SUPPLIED INFORMATION:
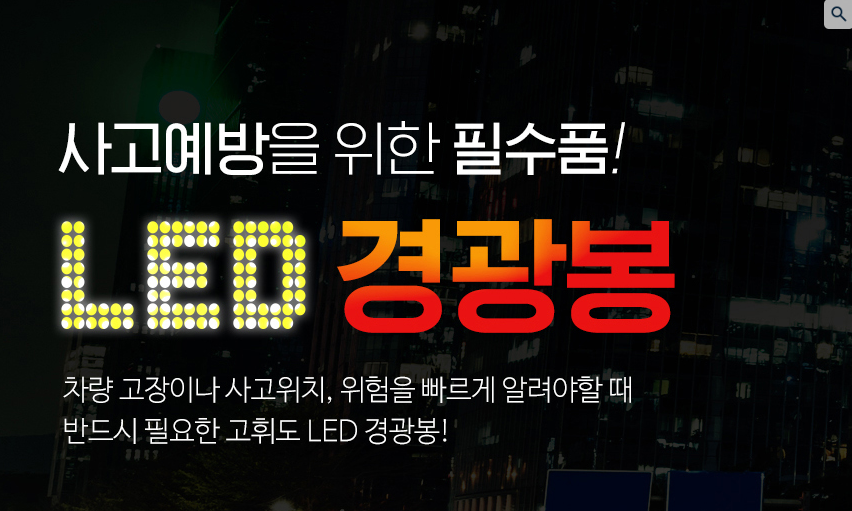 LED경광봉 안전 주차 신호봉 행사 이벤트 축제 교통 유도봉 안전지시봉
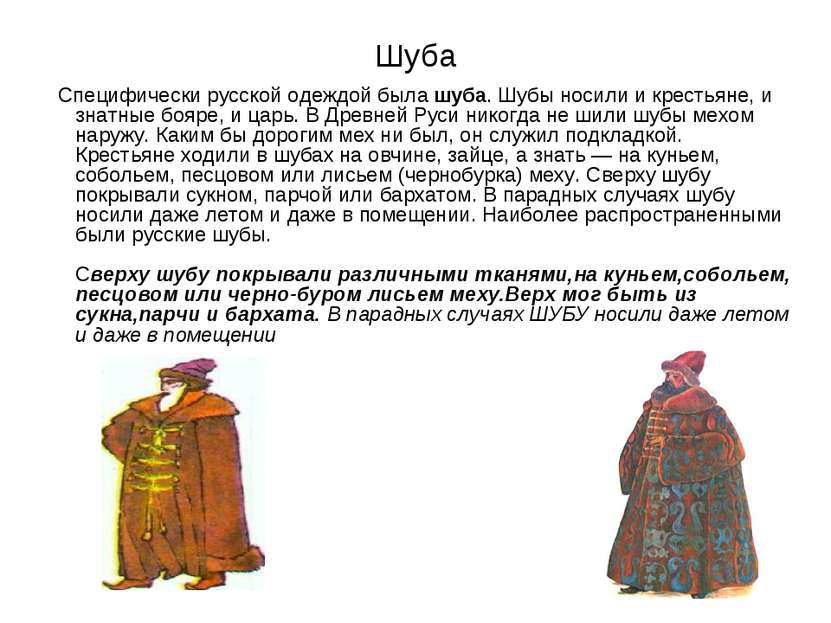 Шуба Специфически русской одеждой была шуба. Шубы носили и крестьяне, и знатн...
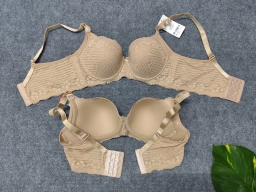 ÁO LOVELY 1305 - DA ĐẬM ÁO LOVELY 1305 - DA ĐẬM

DIRECTIONS: Output the lines above verbatim, images excluded.

SOLUTION TO THIS PROBLEM:
 LED경광봉 안전 주차 신호봉 행사 이벤트 축제 교통 유도봉 안전지시봉
 Шуба Специфически русской одеждой была шуба. Шубы носили и крестьяне, и знатн...
 ÁO LOVELY 1305 - DA ĐẬM ÁO LOVELY 1305 - DA ĐẬM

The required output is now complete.